She also played a major role in supporting the creation of new civil society institutions, e.g., the Sustainable Development Policy Institute (SDPI). Interestingly, she was also one of the founders of Shirkat Gah (first women’s development NGO in Pakistan) and has written several papers on environmental and development issues. In 1994, her efforts were acknowledged when she was appointed to the Order of the Golden Ark by the Grand Master of the Order, His Royal Highness Prince Bernhard of the Netherlands.

Currently, as Regional Director, she represents IUCN and the Director General in Asia at the level of government, donors, members, partners, Commissions and intergovernmental fora. She provides strategic direction to the development, resourcing and implementation of the Asia Programme by combining all elements of IUCN within the context of the major environmental conventions, regional intergovernmental and civil society institutions, development banks and multilateral/bilateral donors. She is also primarily responsible for the overall management of IUCN programmes and projects in the Asia Region (South Asia, Southeast Asia, Northeast Asia and China) and ensures the financial viability and accountability of IUCN’s operations and programme implementation in Asia.
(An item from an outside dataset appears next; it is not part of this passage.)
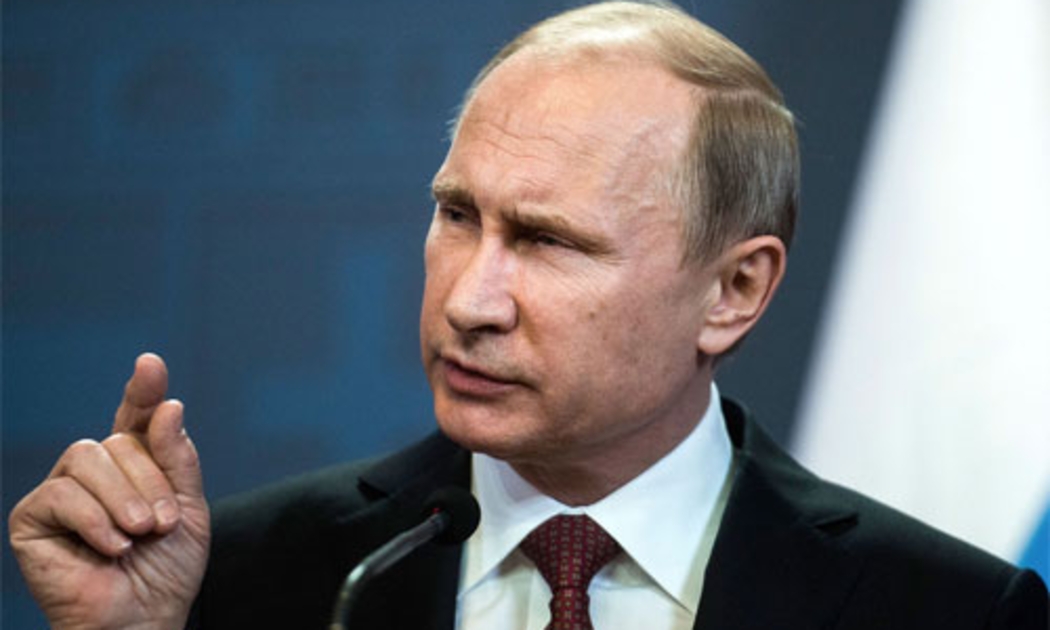 Tổng thống Nga Vladimir Putin phát biểu tại một cuộc họp báo ở Budapest ngày 17/2 - Ảnh: Bloomberg.<br>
Over the past fifteen years Aban has served on the board of and in an advisory capacity to numerous organisations. She was selected as a McClusky Fellow at Yale University School of Forestry and Environmental Studies from January to May, 2003, designing and teaching a course “Ecology in Practice: Issues in Conservation and Development in Asia”. This focused on the challenge of bringing ecology into practice through the design and implementation of conservation and development initiatives.